La lectura, como el amor, consiste en el ejercicio del tacto: en ambos casos palpamos una superficie en busca de la vida que palpita debajo, exploramos piel o papel intentando adivinar cómo funcionan los órganos que los animan y les dan calor. A veces encontramos un hueco inesperado, un orificio en algún pliegue o en el hiato entre dos sílabas y sucede el milagro de la pasión; esa persona o ese texto se nos vuelven imprescindibles porque hemos logrado acceder a su núcleo y hemos presenciado cómo suceden las cosas del otro lado de la cáscara.

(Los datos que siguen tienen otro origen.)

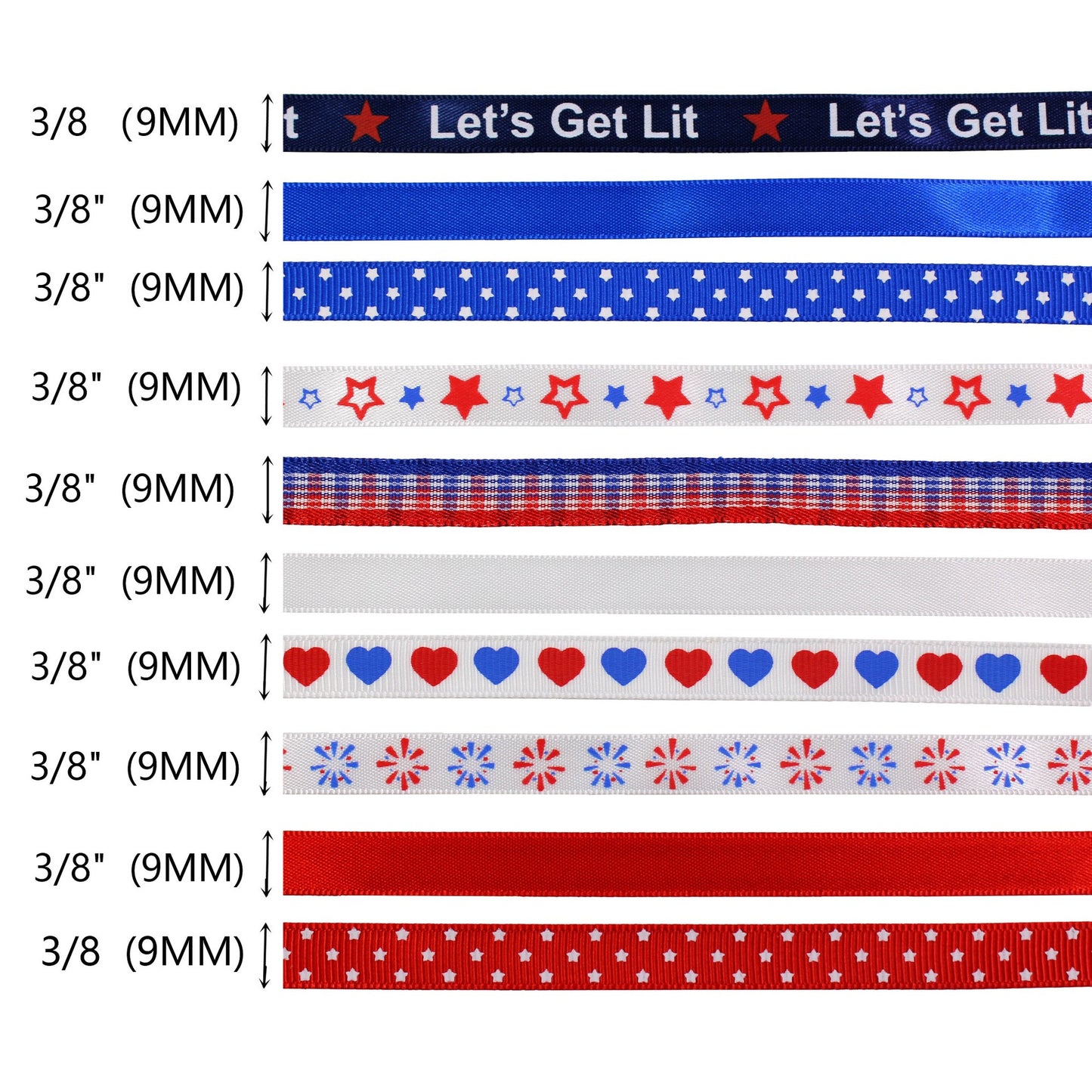 9mm American Flag Ribbon for Independence Day 10 Colors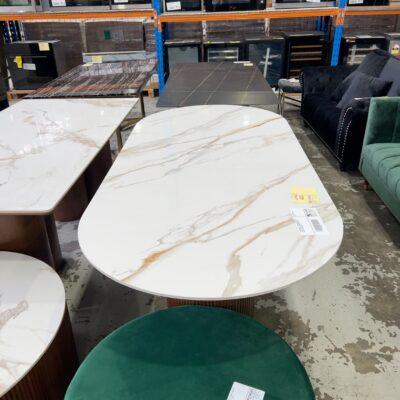 EX SHOWROOM - LISBON CURVED DINING TABLE, 2000MM X 1000MM TIMBER SLAT CYCLINDER BASE, SOLD AS IS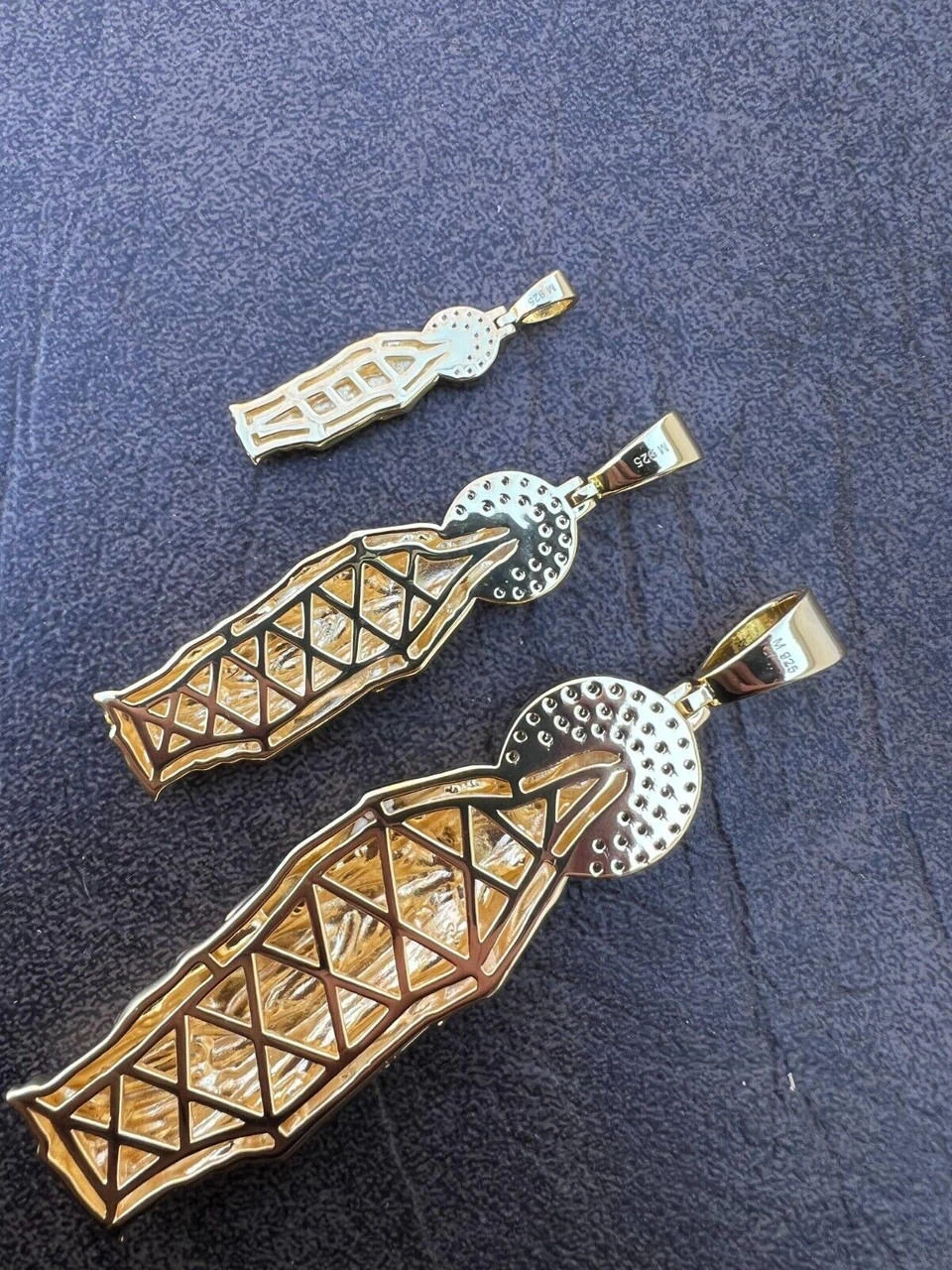 Real MOISSANITE 925 Silver 14k Gold Plated Virgin Mary Pendant Iced Necklace 12 Real MOISSANITE 925 Silver 14k Gold Plated Virgin Mary Pendant Iced Necklace - Image 10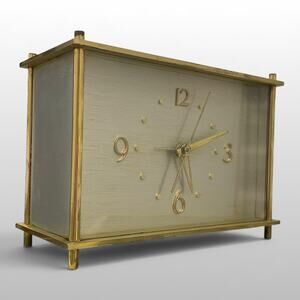 Vintage GE Telechron Brass Desk Clock Mid Century Modern West Germany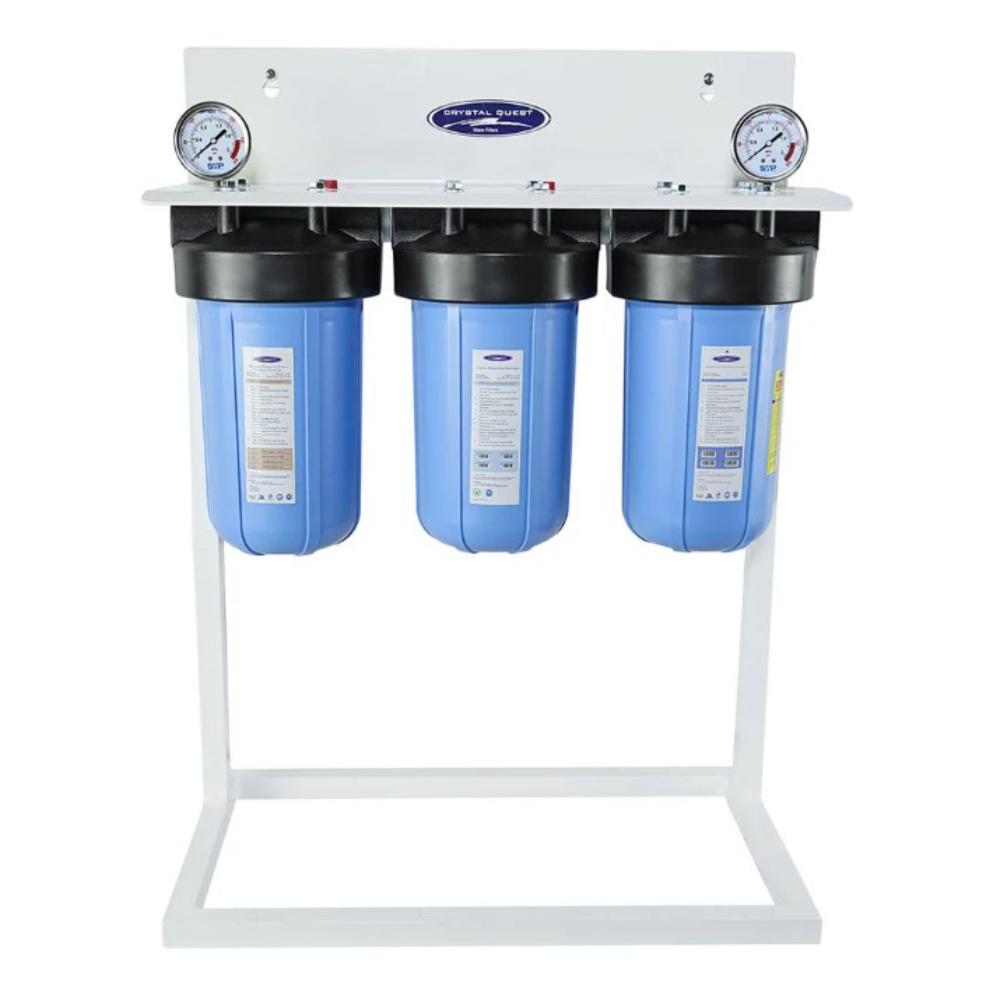 Crystal Quest Compact Whole House Triple Water Filter, SMART Series (3-6 GPM | 1-2 people)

El verdadero amante, de la literatura y de los hombres, se pasa la vida pelando naranjas: arrancando esa corteza porosa, apartando la red de filamentos pálidos que protegen los gajos donde aguarda un sabor dulce o ácido y la sed se apacigua. Pero las academias, que siempre profesan el platonismo, prefieren la forma al contenido y con la excusa de proteger a los autores del desgaste del tiempo los convierten en iconos de sí mismos, en guantes vacíos sin manos que los habiten. Durante su última estancia en Sevilla, María Kodama criticó las memorias, recientemente publicadas, en que Bioy Casares dejó cuenta al pormenor de sus encuentros con el anciano del mármol y las ediciones de lujo. Las encontraba, dijo la viuda, un acto de mala fe, de indiscreción: le molestaba que el profano comprobara que antes de marca registrada Jorge Luis Borges fue un ser humano que, igual que el resto, tenía sus momentos de flaqueza, se reía de chistes sin gracia y caía rendidamente enamorado de mujeres de cartón piedra. Pero como saben todos los enamorados la pasión comienza en las banalidades, en la torpeza del otro que nos hace amarlo porque también es frágil y necesita que le disculpen. La gran ventaja de la piedra es que resiste la lluvia sin inmutarse; el defecto, que al ser acariciada sólo transmite un escalofrío. Salvo la de Pigmalión, las estatuas no responden al entusiasmo de quien las adora: un libro, un autor, son algo más.